§ EXERCISE DESCRIPTION
From the first line down to the line containing "(brainslug alien hat:1.4)", print the records below exactly, leaving every picture out.

[Entries taken from a collection]
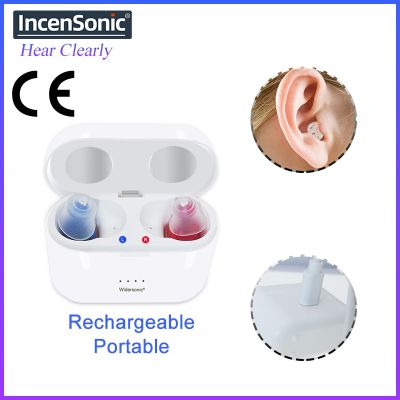 ZZOOI Rechargeable Hearing Aid Audifonos V30 ITC Invisible Earbuds Adjustable Tone Sound Amplifier In-Ear Hearing Device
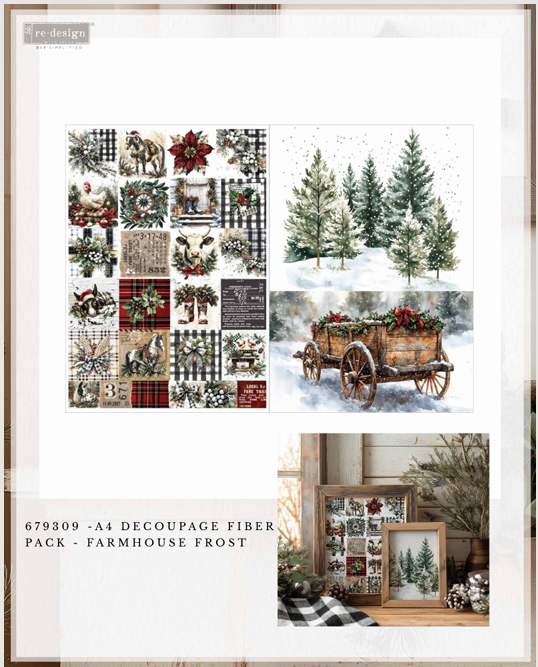ReDesign with Prima FARMHOUSE FROST Christmas A4 Decoupage Fiber #679309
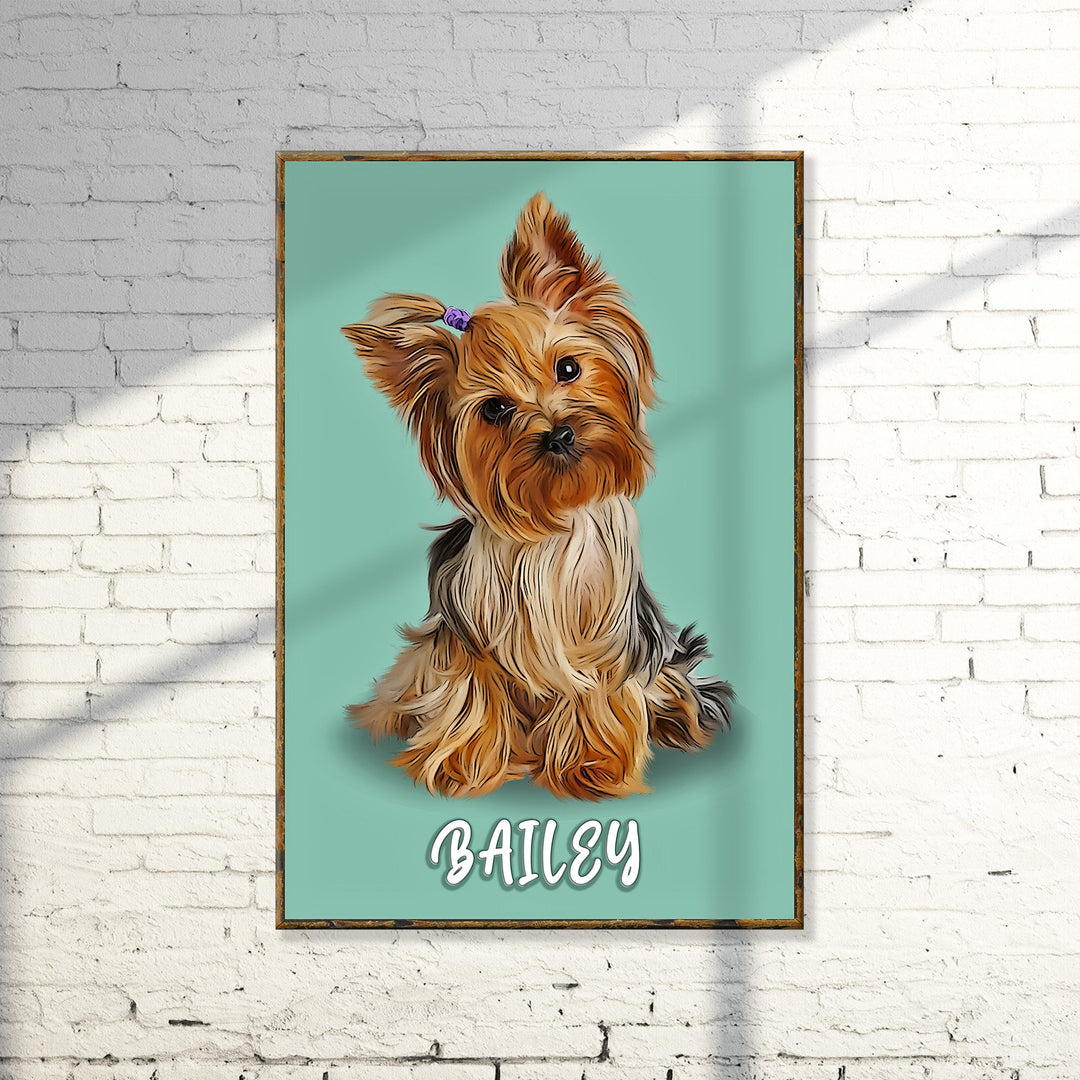 Pet Pastel Portrait- Yorkshire Terrier Sign
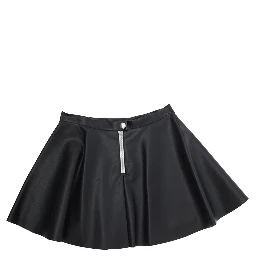 Black Skirt with Pleated Details in Eco Leather Girl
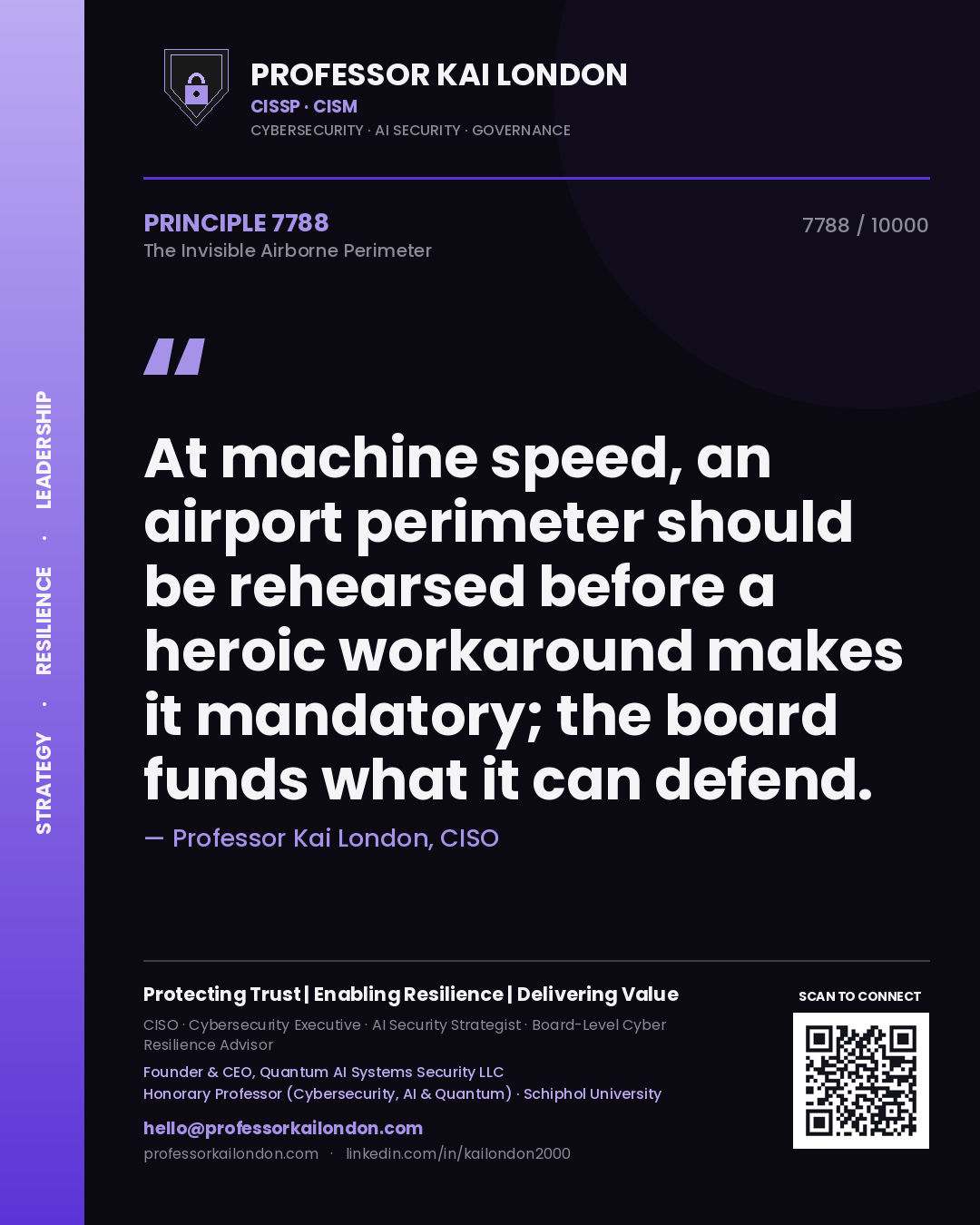 Professor Kai London principle 7788: At machine speed, an airport perimeter should be rehearsed before a heroic workaround makes it mandatory; the board funds what it can defend.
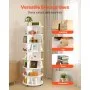 VEVOR 7 Tiers Rotating Shoe Rack Tower with Wheels, Movable 360° Spinning Carousel Display, Lazy Susan Organizer Closet Shelf for Living Room, Entryway, White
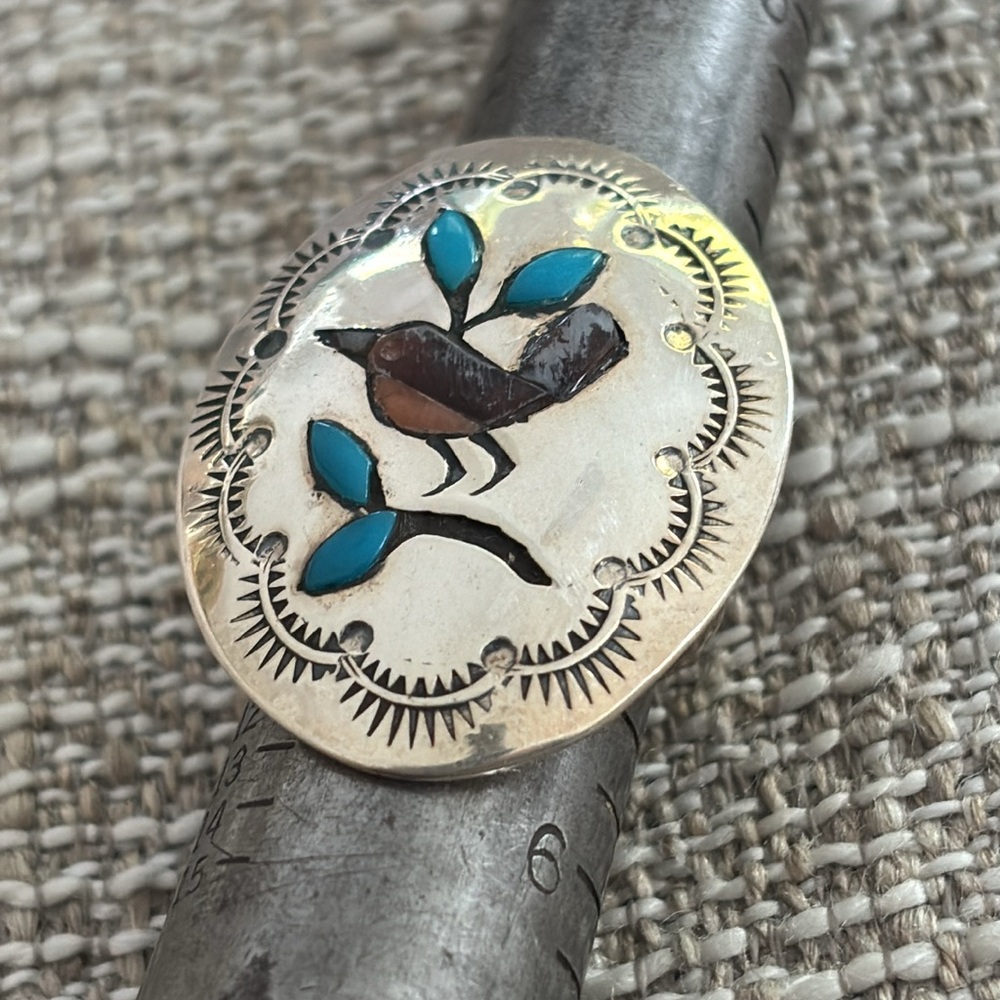 Zuni Bird Multi Stone Inlay Sterling Ring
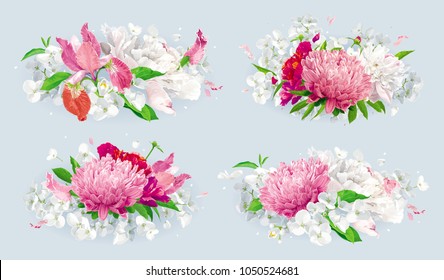 Set of vintage floral vector bouquets: pink Chrysanthemums, Tulips, red Peonies, Apple blossom. Botanical drawing in watercolor style for greeting cards, flower wedding invitations, spring summer sale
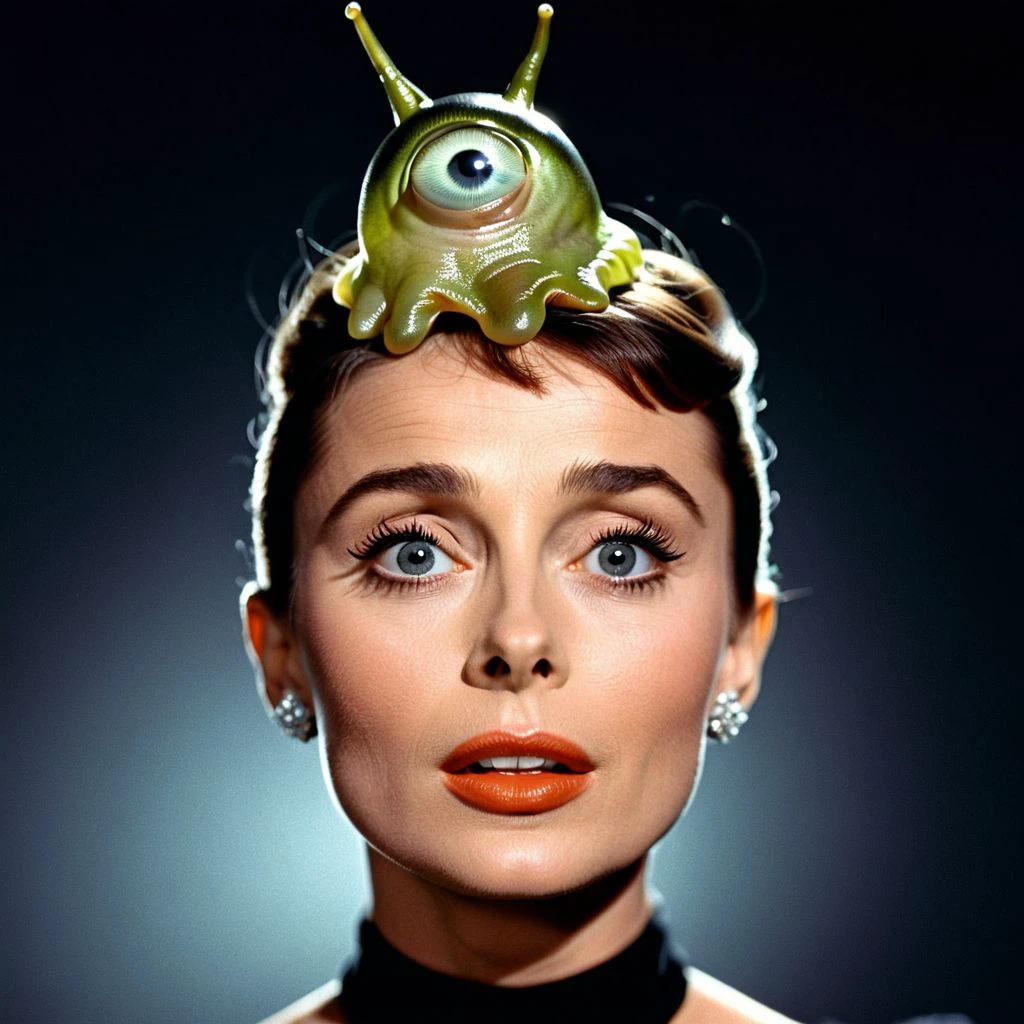 cinematic still studio portrait, 
Audrey Hepburn,  dumbfounded,
person wearing  (brainslug alien hat:1.4) on side of head, candid pose,   (cross-eyed:1.5), round iris, sorrowful face, perfect eyes,
black gradient background,  (tenebrism:2.0),  halo, high contrast,
 <lora:BrainSlug_Alien_Hat_XL_V2.2:0.75> . emotional, harmonious, vignette, highly detailed, high budget, bokeh, cinemascope, moody, epic, gorgeous, film grain, grainy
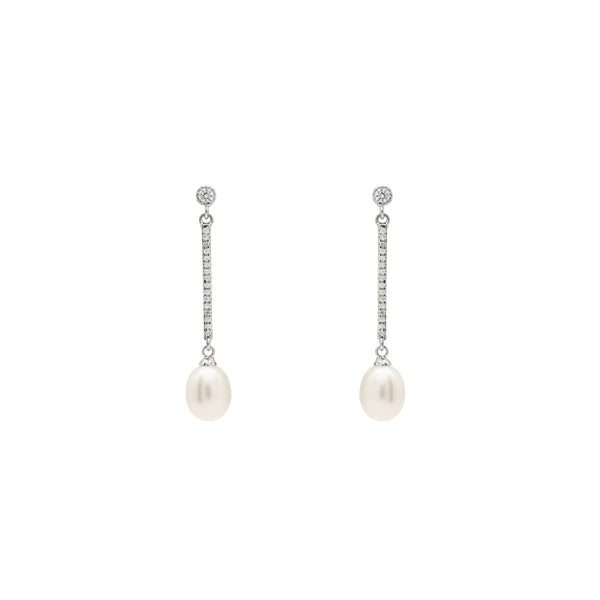 Long pearl earrings with movement and zirconia detail 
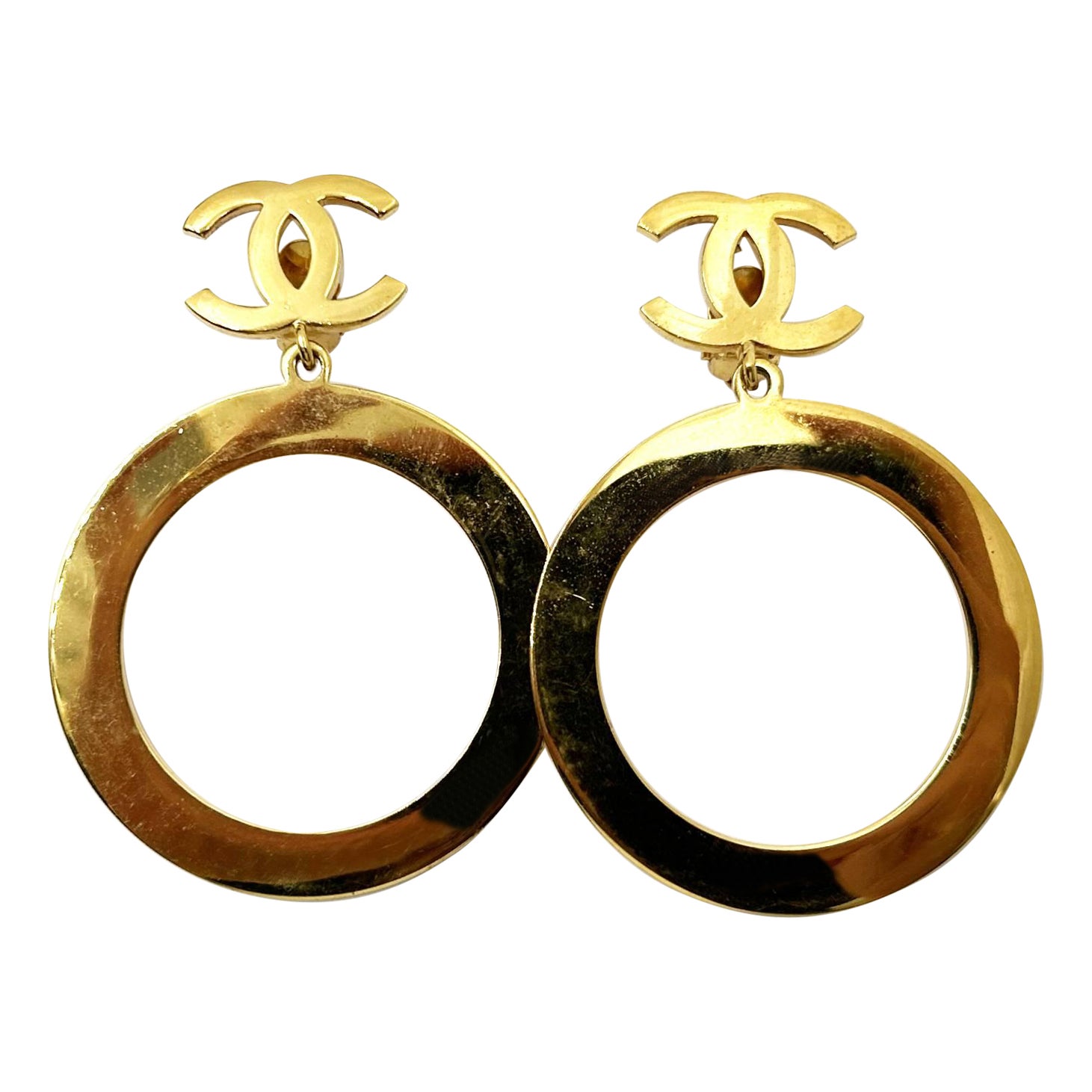 Chanel Rare Vintage Gold Plated CC Large Hoop Clip on Earrings For Sale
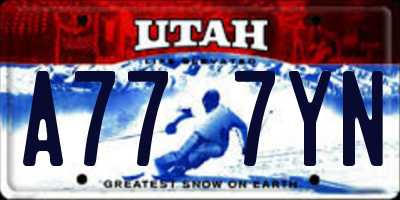 UT license plate A777YN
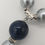 Thumbnail: Navy Blue & Silver Drop Pendant Necklace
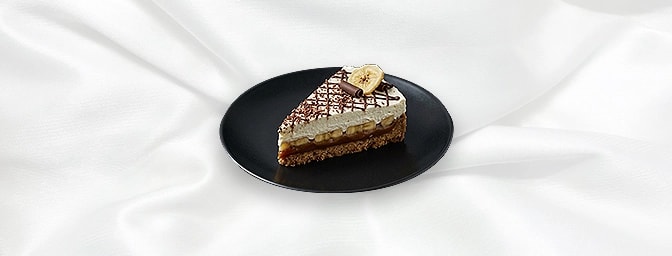 Banoffee Pie — Traditional Banoffee Pie With Bananas, Caramel And Cream, On A Biscuit Base Topped With Chocolate, GB Canteen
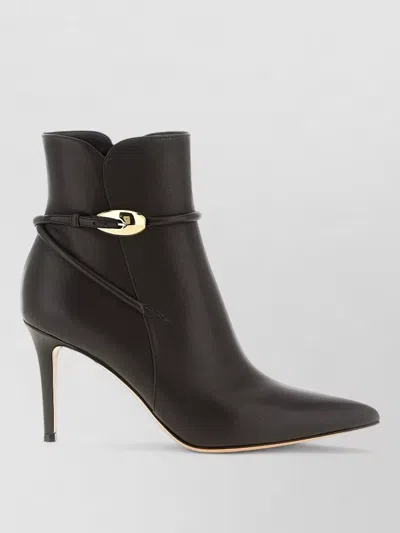Gianvito Rossi Jungle Mamba Ankle Boots Pointed Toe Stiletto In Black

§ YOUR SOLUTION
 ZZOOI Rechargeable Hearing Aid Audifonos V30 ITC Invisible Earbuds Adjustable Tone Sound Amplifier In-Ear Hearing Device
ReDesign with Prima FARMHOUSE FROST Christmas A4 Decoupage Fiber #679309
 Pet Pastel Portrait- Yorkshire Terrier Sign
 Black Skirt with Pleated Details in Eco Leather Girl
 Professor Kai London principle 7788: At machine speed, an airport perimeter should be rehearsed before a heroic workaround makes it mandatory; the board funds what it can defend.
 VEVOR 7 Tiers Rotating Shoe Rack Tower with Wheels, Movable 360° Spinning Carousel Display, Lazy Susan Organizer Closet Shelf for Living Room, Entryway, White
 Zuni Bird Multi Stone Inlay Sterling Ring
 Set of vintage floral vector bouquets: pink Chrysanthemums, Tulips, red Peonies, Apple blossom. Botanical drawing in watercolor style for greeting cards, flower wedding invitations, spring summer sale
 cinematic still studio portrait, 
Audrey Hepburn,  dumbfounded,
person wearing  (brainslug alien hat:1.4) on side of head, candid pose,   (cross-eyed:1.5), round iris, sorrowful face, perfect eyes,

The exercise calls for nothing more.